What is your teaching style?

“My teaching style differs for each subject. I teach a different way for piano lessons than music theory. … Not a lot of people want to take [music] theory, but they have to take it, it’s a lot of work. What I try to do is work hard but have fun doing it. … [For individual lessons,] typically what I like to do is to let my students play. I’ll ask them what they liked or disliked about their performance, and then I’ll try to give some positive feedback and constructive criticism too.”

What is a favorite memory from your college years?

“Being in music, so many of us were practicing to be competitive: six to eight hours a day of practice. You’re spending a lot of time in the practice rooms, but then the relationships you build with other people who are doing the same thing as you is my favorite memory.”

Who is your hero?

“My Grandma. She died four years ago, but we talked every day and did crossword puzzles over the phone when we were long distance.”

Where is the best place you have ever traveled? 

Pollença, [on the island of Majorca], Spain. I went two years ago with Chorale. Beautiful alleyways, on the sea, lovely place.”

What is your favorite thing about Minneapolis?

“For the size of the city, I think it’s very cultural. Minneapolis has so much to offer: there’s art, there’s great food, great musicour orchestra here is phenomenal. [There is a lot of] culture within a relatively small city, compared to New York or L.A. I love that Minneapolis is a little more on the trendy side and then St. Paul is more of a ‘down home.’ Having both of those is so cool.”

What is a hobby you enjoy outside of teaching and campus life?

“I like racket sports.
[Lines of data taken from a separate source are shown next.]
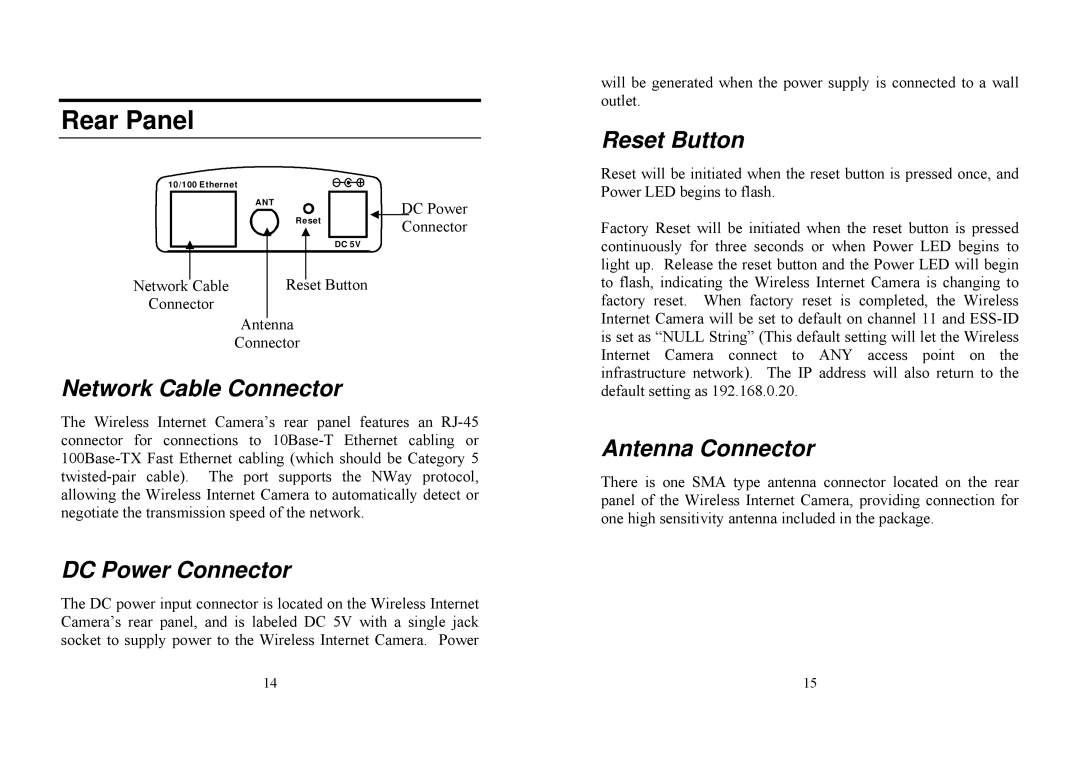 TRENDnet TV-IP100W manual Rear Panel, Network Cable Connector, DC Power Connector, Reset Button, Antenna Connector 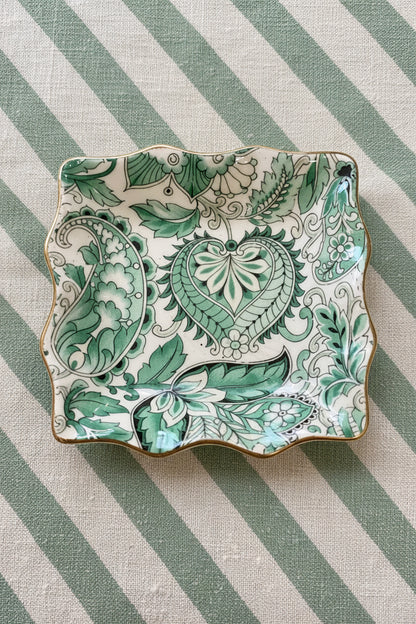 Vintage James Kent Foley Green Paisley Dish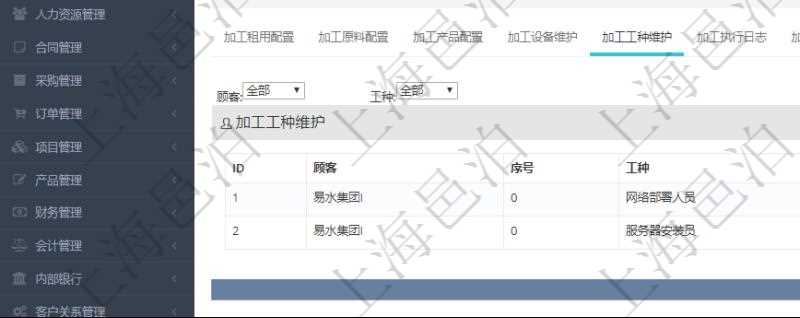 在項目管理軟件MES生產制造管理系統查詢加工明細信息時，還返回了關聯的加工工種維護：序號、工種、工時調整比率、描述。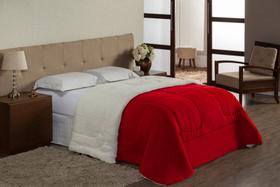 Edredom Sherpa Cobertor E Coberdrom Casal Queen Grosso Cores - vermelho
So … tennis, racquetball and pingpong. And of course, I love my motorcycle. It’s a Yamaha V-Star 1100—a ‘wannabe’ Harley.”

How did you become interested in teaching this subject?

“This is funny because I was not set out to be a teacher at all. I was going down the performance path. However, when Dr. Herb Johnson offered me the job and I saw my colleagues applying for any sort of teaching position they could get, I accepted.” 

This interview was edited for space and clarity.